## What you will do
Everything in the listing below except the pictures should be reproduced exactly.

## Provided data
_ _ _

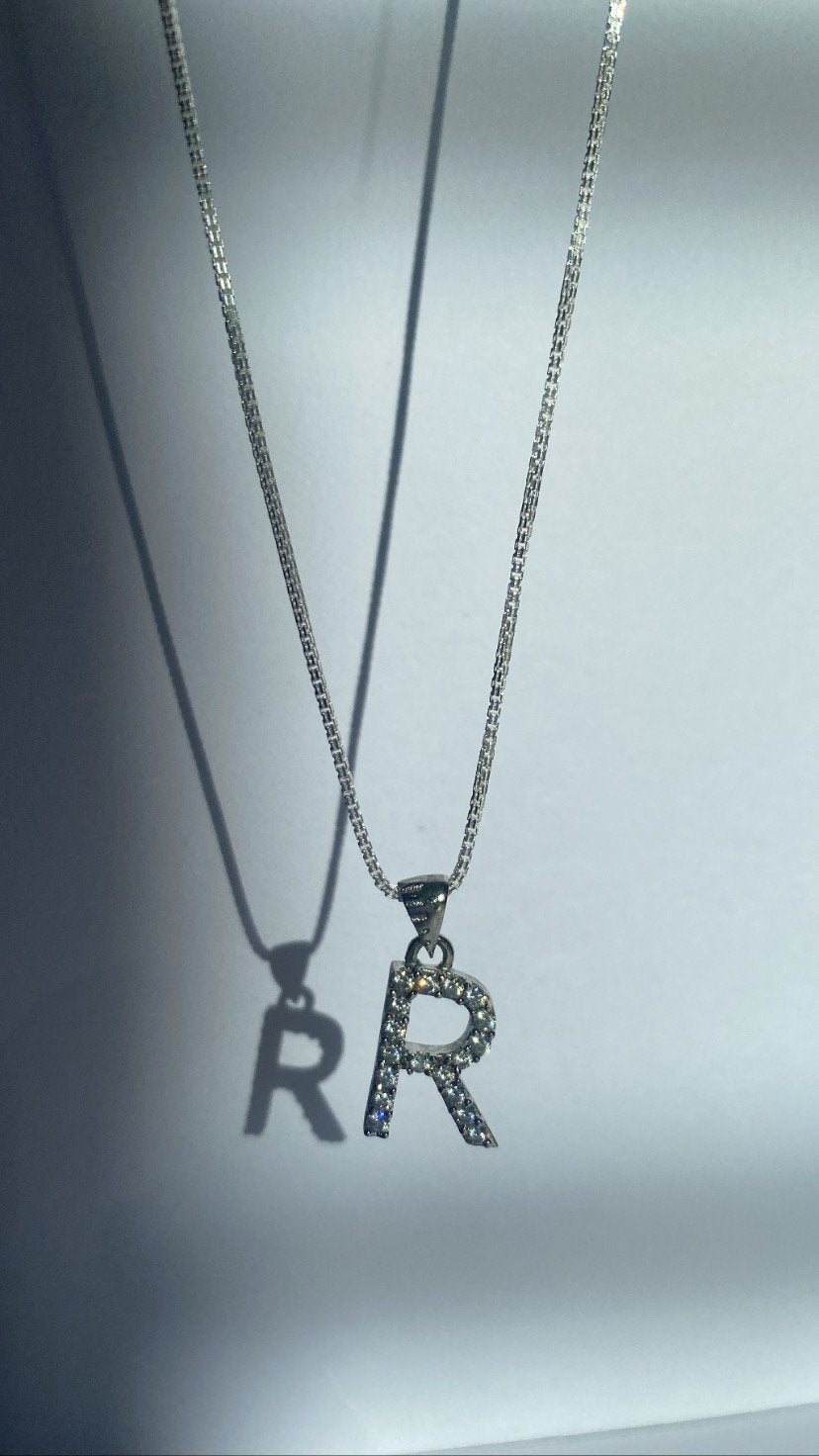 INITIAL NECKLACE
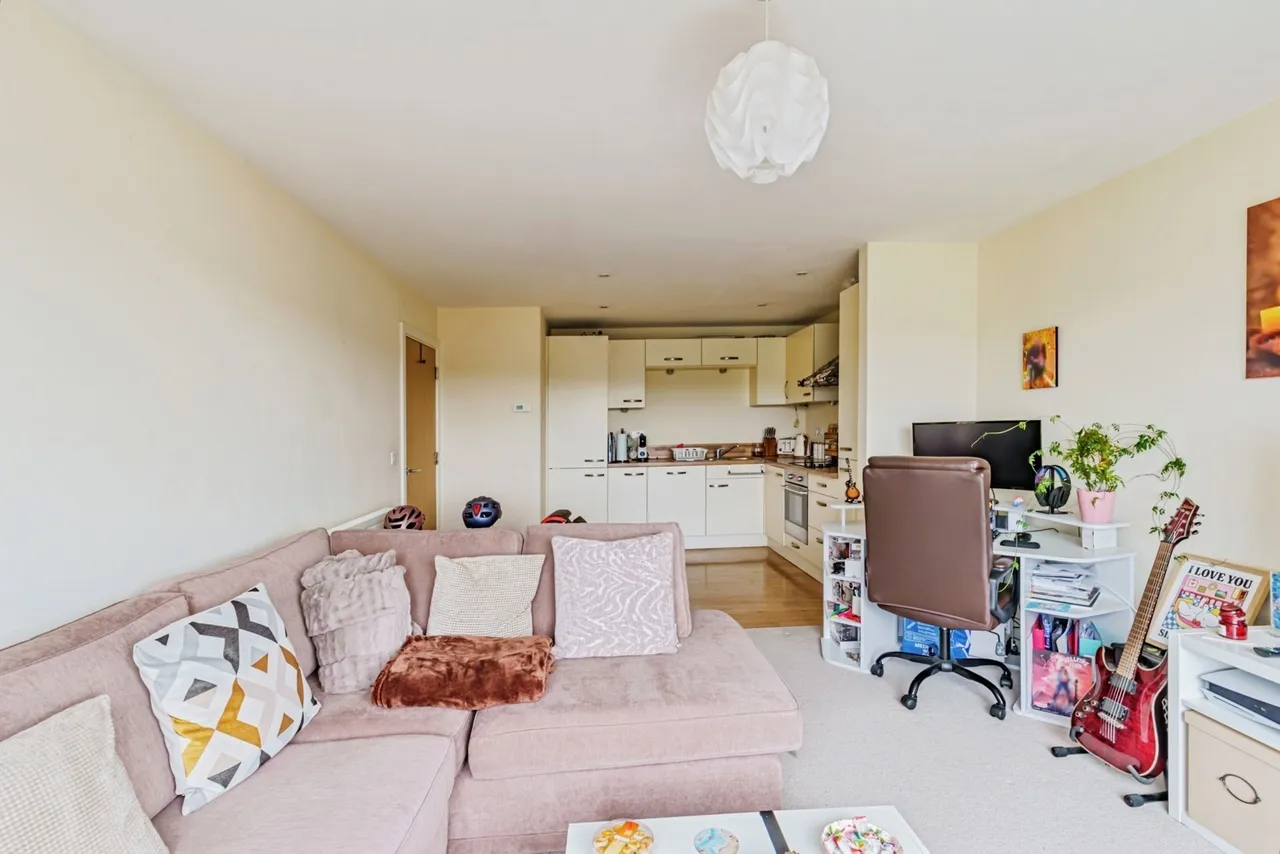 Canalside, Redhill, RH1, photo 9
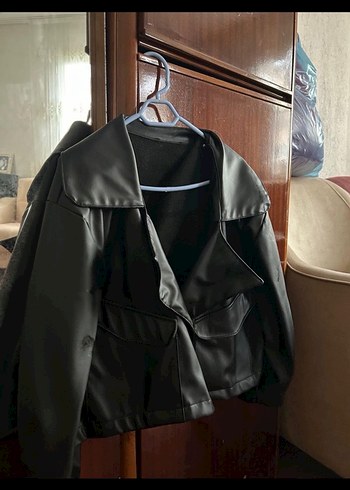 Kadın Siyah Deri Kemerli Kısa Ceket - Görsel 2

_ _ _

## Solution below
 INITIAL NECKLACE
 Canalside, Redhill, RH1, photo 9
 Kadın Siyah Deri Kemerli Kısa Ceket - Görsel 2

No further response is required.